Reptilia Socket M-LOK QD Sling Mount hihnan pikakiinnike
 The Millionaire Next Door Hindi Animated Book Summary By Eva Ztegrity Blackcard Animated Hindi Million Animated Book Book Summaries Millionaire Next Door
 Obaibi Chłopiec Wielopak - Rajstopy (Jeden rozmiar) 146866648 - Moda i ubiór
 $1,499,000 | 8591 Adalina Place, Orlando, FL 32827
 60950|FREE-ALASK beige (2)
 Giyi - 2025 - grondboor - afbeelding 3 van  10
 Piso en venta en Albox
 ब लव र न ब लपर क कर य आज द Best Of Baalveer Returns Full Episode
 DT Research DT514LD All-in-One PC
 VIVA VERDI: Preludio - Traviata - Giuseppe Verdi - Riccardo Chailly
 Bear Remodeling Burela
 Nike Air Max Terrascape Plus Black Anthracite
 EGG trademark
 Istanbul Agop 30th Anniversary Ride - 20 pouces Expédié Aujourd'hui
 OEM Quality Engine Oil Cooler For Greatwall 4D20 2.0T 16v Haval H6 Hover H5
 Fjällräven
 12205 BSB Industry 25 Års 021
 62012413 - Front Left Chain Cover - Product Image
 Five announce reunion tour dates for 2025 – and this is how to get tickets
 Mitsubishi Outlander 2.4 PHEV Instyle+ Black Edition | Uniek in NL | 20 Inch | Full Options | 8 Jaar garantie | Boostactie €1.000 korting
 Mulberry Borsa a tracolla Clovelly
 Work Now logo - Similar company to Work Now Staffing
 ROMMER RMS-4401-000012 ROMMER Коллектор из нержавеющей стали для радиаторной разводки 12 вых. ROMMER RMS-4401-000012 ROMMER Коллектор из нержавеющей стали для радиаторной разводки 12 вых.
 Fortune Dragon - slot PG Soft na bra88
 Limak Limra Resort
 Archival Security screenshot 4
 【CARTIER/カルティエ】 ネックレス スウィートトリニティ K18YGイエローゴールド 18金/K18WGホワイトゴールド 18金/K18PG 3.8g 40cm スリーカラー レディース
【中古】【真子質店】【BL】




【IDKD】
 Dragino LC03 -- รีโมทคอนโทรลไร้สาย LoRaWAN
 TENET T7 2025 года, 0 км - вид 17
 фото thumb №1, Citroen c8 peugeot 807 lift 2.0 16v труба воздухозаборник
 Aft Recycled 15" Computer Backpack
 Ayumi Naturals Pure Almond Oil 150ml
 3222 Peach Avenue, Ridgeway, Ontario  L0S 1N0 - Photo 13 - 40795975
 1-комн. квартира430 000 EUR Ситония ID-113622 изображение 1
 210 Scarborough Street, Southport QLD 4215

──────────

• [THE TASK]: Your reply is to repeat, unchanged, the lines above running from the one with "Obaibi Chłopiec Wielopak" up to and including the one with "Five announce reunion".

• [THE ANSWER]:
 Obaibi Chłopiec Wielopak - Rajstopy (Jeden rozmiar) 146866648 - Moda i ubiór
 $1,499,000 | 8591 Adalina Place, Orlando, FL 32827
 60950|FREE-ALASK beige (2)
 Giyi - 2025 - grondboor - afbeelding 3 van  10
 Piso en venta en Albox
 ब लव र न ब लपर क कर य आज द Best Of Baalveer Returns Full Episode
 DT Research DT514LD All-in-One PC
 VIVA VERDI: Preludio - Traviata - Giuseppe Verdi - Riccardo Chailly
 Bear Remodeling Burela
 Nike Air Max Terrascape Plus Black Anthracite
 EGG trademark
 Istanbul Agop 30th Anniversary Ride - 20 pouces Expédié Aujourd'hui
 OEM Quality Engine Oil Cooler For Greatwall 4D20 2.0T 16v Haval H6 Hover H5
 Fjällräven
 12205 BSB Industry 25 Års 021
 62012413 - Front Left Chain Cover - Product Image
 Five announce reunion tour dates for 2025 – and this is how to get tickets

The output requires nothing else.